# Carolina Clock ‘Stravaganza 2018



## ducttapecuber (Oct 7, 2018)

https://www.worldcubeassociation.org/competitions/CarolinaClockStravaganza2018

A comp for crazy clock and bigBLD people. 
Where: Monroe, North Carolina
When: November 17th, 2018
Events
3 rounds of Clock- with Finals being Head-to-Head
3BLD, 4BLD, & 5BLD
Square-1 (1 round)
3x3 (2 rounds)
4x4 (1 round)
Pyraminx (2 rounds)

Any questions use the contact info on the site.

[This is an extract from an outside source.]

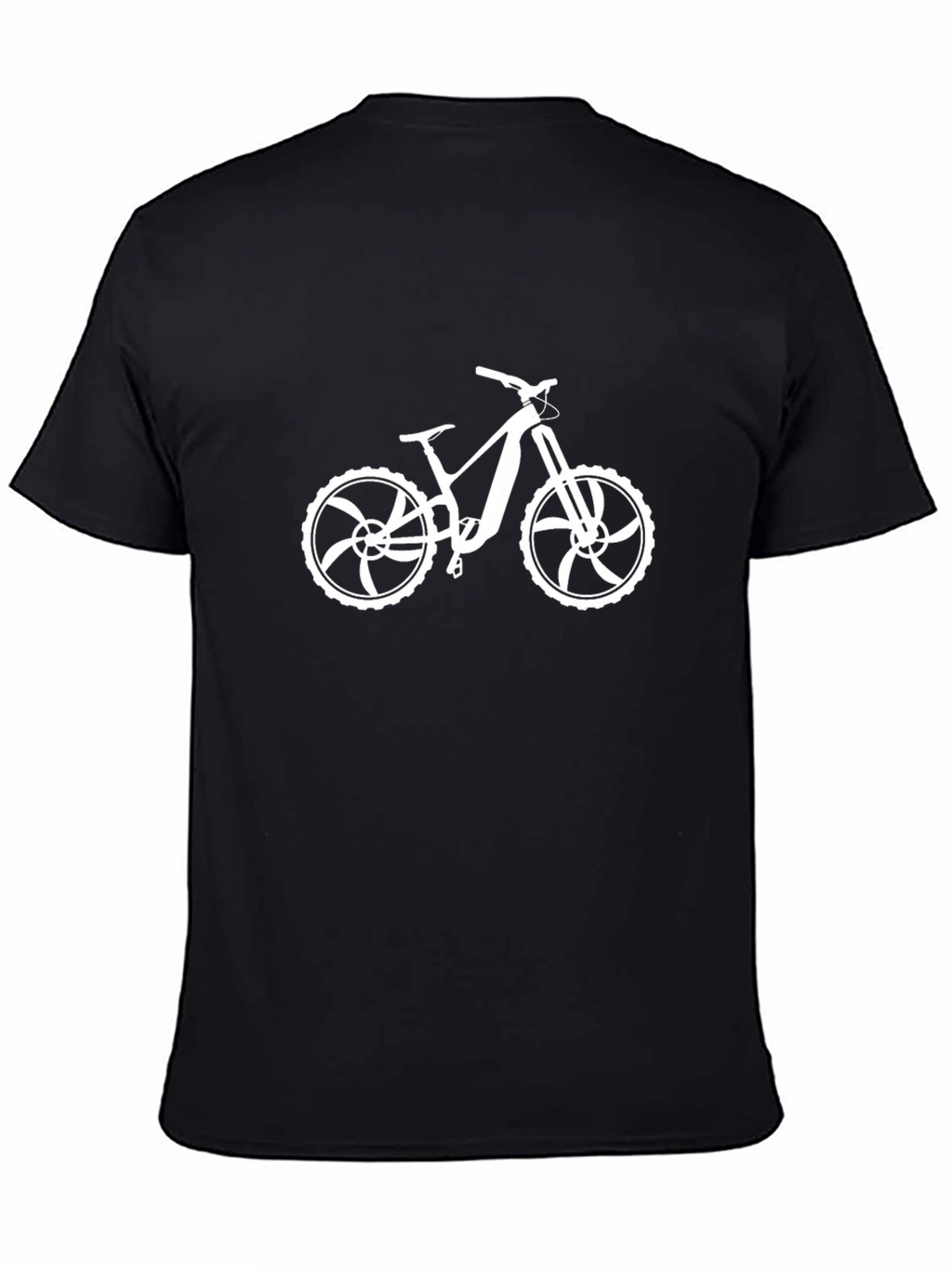Black T-Shirt with White Mountain Bike Graphic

Or PM on here.


----------



## TipsterTrickster (Oct 7, 2018)

Yay hype!!! I love clock and really need a 5bld definitely coming!!!!


----------



## Hazel (Oct 7, 2018)

I plan on going! I've never competed in clock before, so this will be fun  based on the results of last year's CCS I can easily make it to finals!


----------



## willtri4 (Oct 19, 2018)

This'll be my first comp in over a year. I'm excited, hopefully I can get back close-ish to where I was in sq1 and bld


----------



## willtri4 (Nov 20, 2018)

My comp video is premiering tonight at 9!


----------